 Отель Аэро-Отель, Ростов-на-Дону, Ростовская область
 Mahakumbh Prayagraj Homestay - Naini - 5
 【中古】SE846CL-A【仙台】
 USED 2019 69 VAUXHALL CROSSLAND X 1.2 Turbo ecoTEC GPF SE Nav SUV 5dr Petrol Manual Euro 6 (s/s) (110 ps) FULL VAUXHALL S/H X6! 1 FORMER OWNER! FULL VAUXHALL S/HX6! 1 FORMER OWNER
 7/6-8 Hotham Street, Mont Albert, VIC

==========

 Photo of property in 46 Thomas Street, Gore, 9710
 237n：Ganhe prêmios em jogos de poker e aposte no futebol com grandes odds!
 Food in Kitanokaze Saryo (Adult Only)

==========

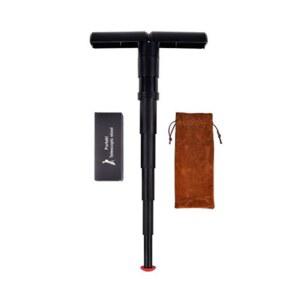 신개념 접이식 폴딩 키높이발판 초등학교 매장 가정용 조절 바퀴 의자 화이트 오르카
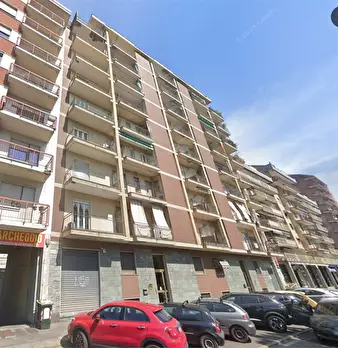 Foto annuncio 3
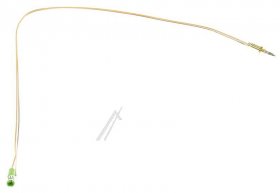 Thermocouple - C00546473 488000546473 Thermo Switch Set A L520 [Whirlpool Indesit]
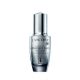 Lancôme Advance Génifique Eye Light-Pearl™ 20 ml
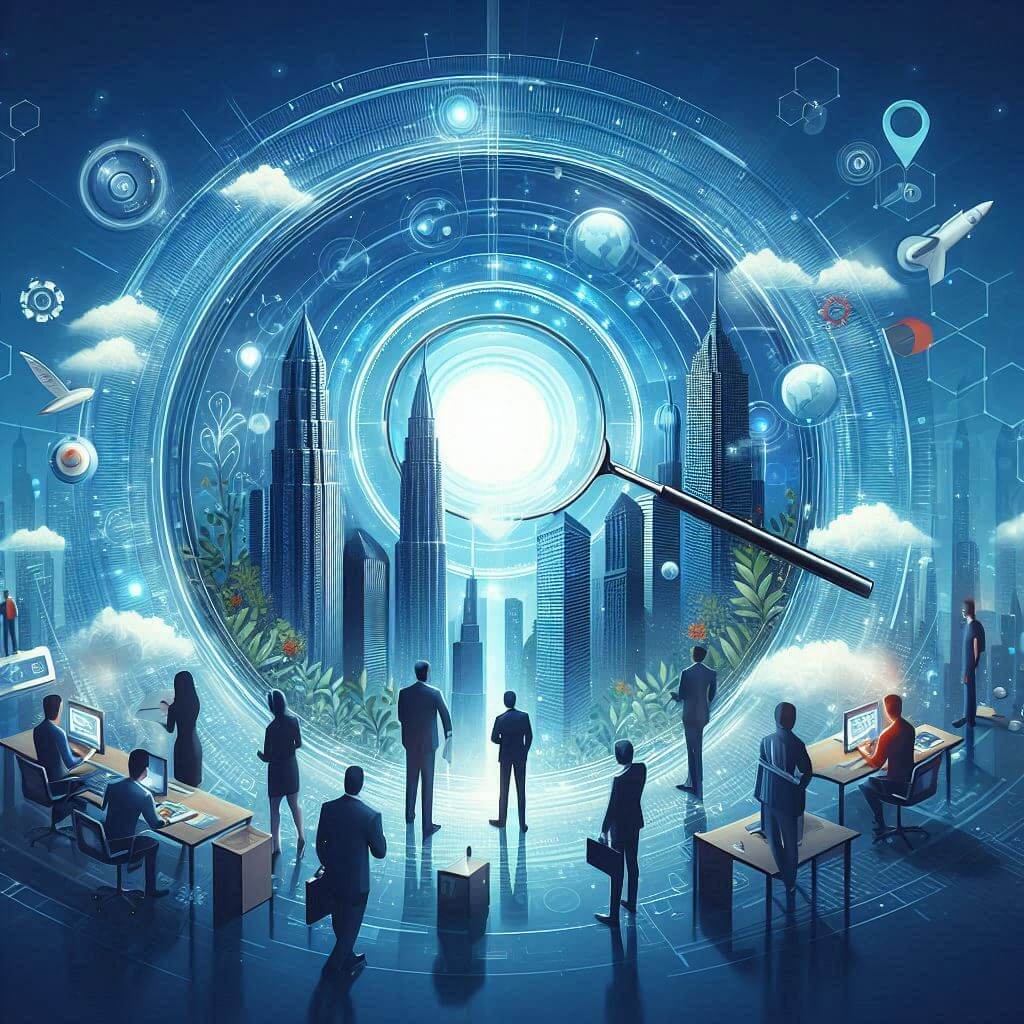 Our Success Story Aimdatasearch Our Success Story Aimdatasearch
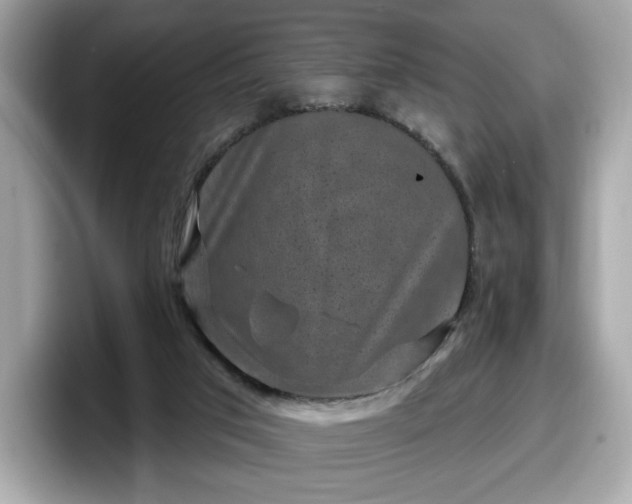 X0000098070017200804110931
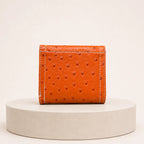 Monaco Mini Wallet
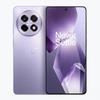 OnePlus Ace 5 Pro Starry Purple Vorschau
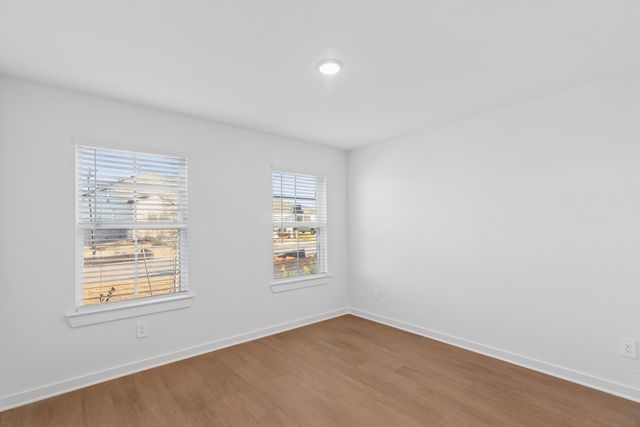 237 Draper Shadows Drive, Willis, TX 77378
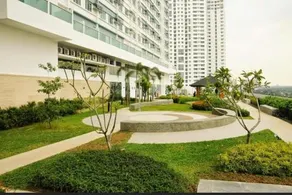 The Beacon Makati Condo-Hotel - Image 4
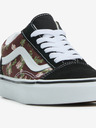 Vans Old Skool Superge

==========

Bring together every line in the entries that holds the string "Street".

> [REPLY]
 7/6-8 Hotham Street, Mont Albert, VIC
 Photo of property in 46 Thomas Street, Gore, 9710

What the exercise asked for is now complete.